Natürlich muss das Geld irgendwann wieder zurück in die Staatskassen fließen. Aber auch da hilft ein kurzer Blick in die jüngste Vergangenheit. In den Jahren nach der Weltfinanzkrise ist die deutsche Volkswirtschaft bald eine Dekade lang gewachsen und die Steuereinnahmen des Staates ebenso. Nur dies (in Verbindung mit einer Politik des sparsamen Wirtschaftens) hat es dem Finanzminister erlaubt, jetzt so in die Vollen zu gehen. Da gilt es auch, einen Irrtum zuzugeben: Denn auch der Autor dieser Zeilen gehörte zu den scharfen Kritikern der "Schwarzen Null" genannten deutschen Sparpolitik. Aber nun, mit den Erfahrungen der vergangenen Monate, ist klar: In guten Zeiten für schlechte Zeiten vorsorgen, das ist kein schlechtes Rezept.

Aber warum soll nun alles besser werden im neuen Jahr? Klar, es gibt mittlerweile erste Impfstoffe, und irgendwann wird auch dieser Winter zu Ende gehen. Schon mal zwei Gründe, dass die Pandemie ihren Schrecken verlieren dürfte. Dann sollte die Lust aufs Verreisen oder Autokaufen zurückkommen. Zwischen 70 und 100 Milliarden Euro haben die Deutschen in diesem Jahr nicht ausgegeben. Dieses Geld dürfte zu einem größeren Teil in den Konsum zurückfließen und die Wirtschaft ankurbeln. Dazu kommen einige steuerliche Entlastungen (bis auf die Mehrwertsteuer, die wieder steigen wird), ein höheres Kindergeld und anderes. Teurer allerdings wird Autofahren und Heizen durch die CO2-Bepreisung, die am 1. Januar 2021 in Kraft tritt.  

Tiefe Schrammen werden bleiben

Auch der Export, eine ganz wesentliche Stütze der hiesigen Konjunktur, dürfte wieder deutlich anziehen. Wenn die Weltwirtschaft wirklich um die von der OECD vorhergesagten 4,2 Prozent wachsen sollte, dann bleibt davon einiges bei den deutschen Maschinen- und Autobauern und anderen Industriezweigen hängen. Zudem hatten sich die deutschen Unternehmen zuletzt merklich mit Investitionen zurückgehalten, in diesem Jahr sowieso, aber auch schon im Jahr davor. Da dürfte jetzt mit Sicherheit ein größerer Nachholbedarf aufgelaufen sein. Und last but not least: Die vielen Milliarden aus den Hilfspaketen der Regierung müssen ja noch verbuddelt und anderweitig ausgegeben werden (Stichwort: Glasfaserausbau, Investitionen in die Infrastruktur wie Schiene und Straße, Digitalisierung etc.).

Aber freilich wird nicht alles gut.

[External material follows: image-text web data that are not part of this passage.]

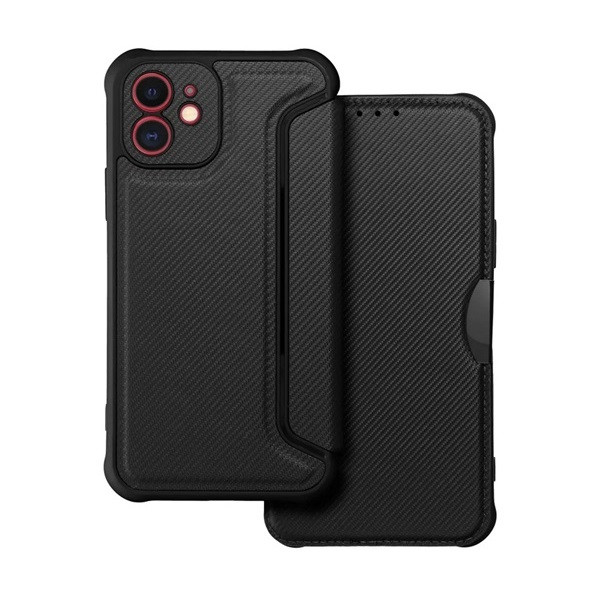 Apple iPhone 12, калъф със странично отваряне, ъгъл с въздушна възглавница, кожен ефект, карбонов модел, Razor Book, черен (RS129161)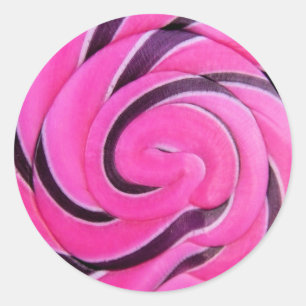 Sticker Rond Pink Swirl Lolly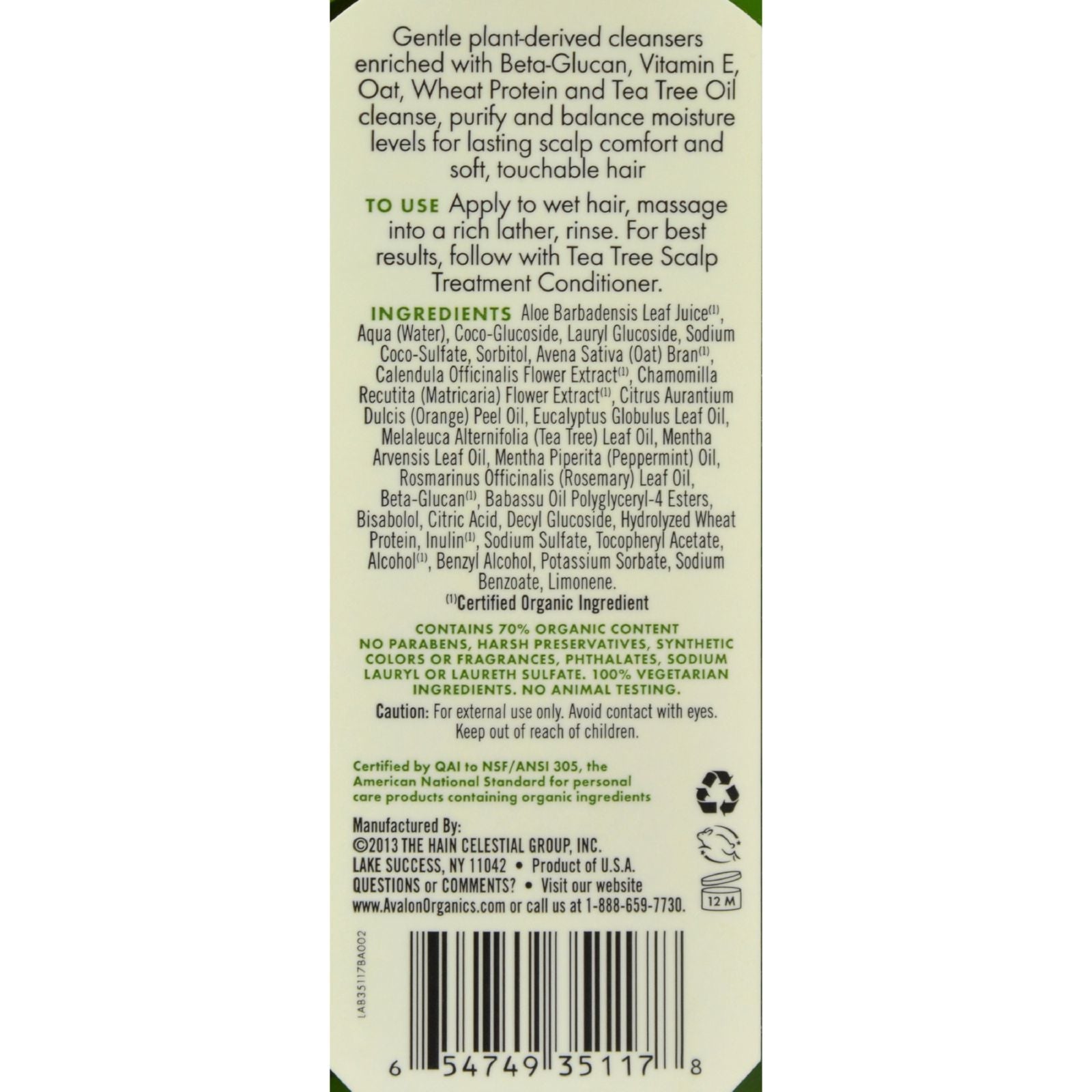 Avalon Organics Scalp Treatment Tea Tree Shampoo - 11 fl oz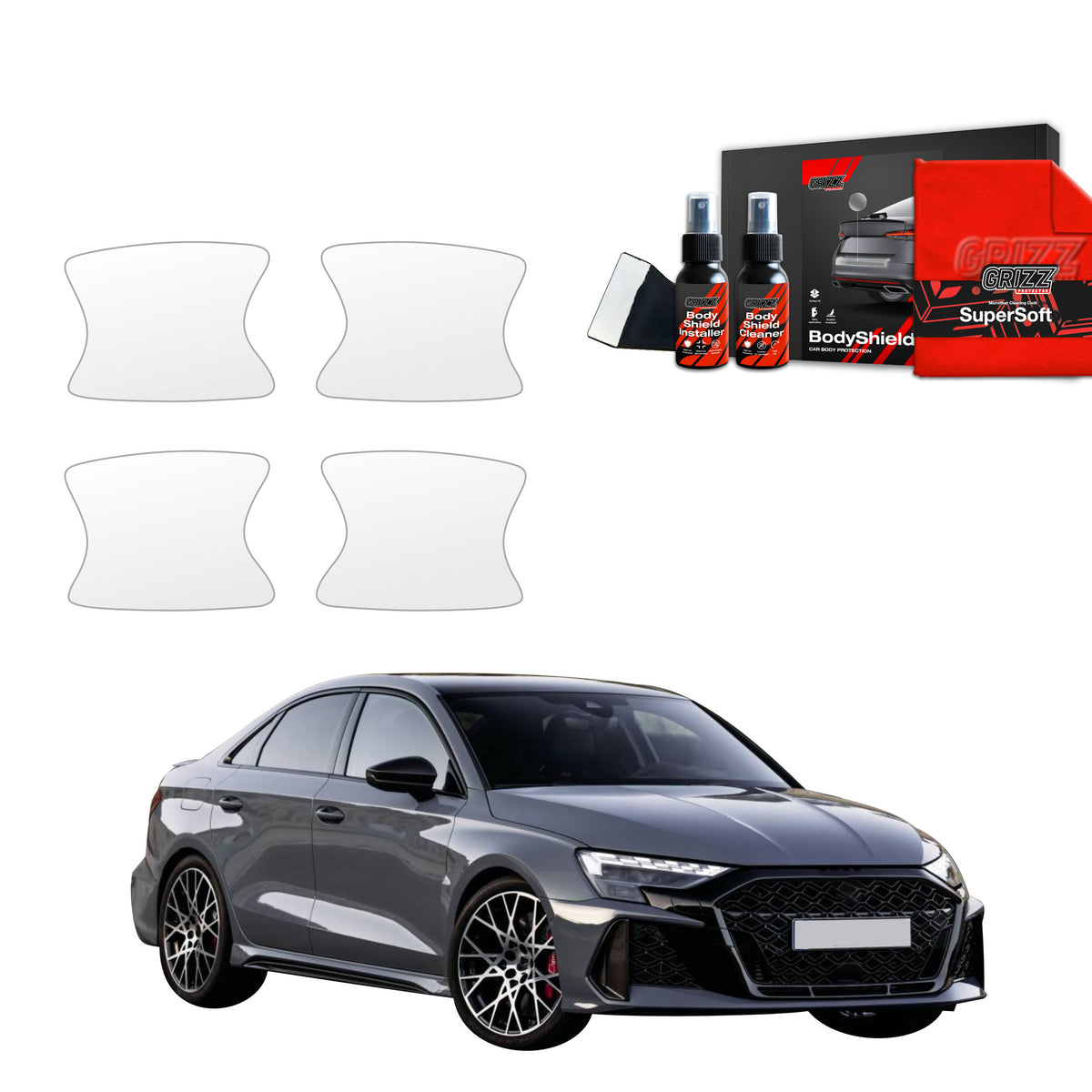 Folie de protecție 4în1 pentru mânerele ușilor - Audi RS3 (2025)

Nicht alle Gastronomen und Besitzer kleiner Läden werden überleben. Die Zahl der Firmenpleiten wird nach dem Auslaufen der Sonderregelungen zum Schutz vor Insolvenzen dramatisch ansteigen. So manches Unternehmen, das derzeit nur dank staatlicher Finanzspritzen überlebt, wird untergehen. Bleibt zu hoffen, dass durch die insgesamt wieder anziehende Konjunktur nicht zu viele Menschen in die Arbeitslosigkeit fallen, sondern anderswo einen Job bekommen.

So oder so: Wenn schon 2020 ein spannendes, geradezu einmaliges Jahr war - das neue Jahr wird nicht minder spannend. Nur wahrscheinlich am Ende ein besseres.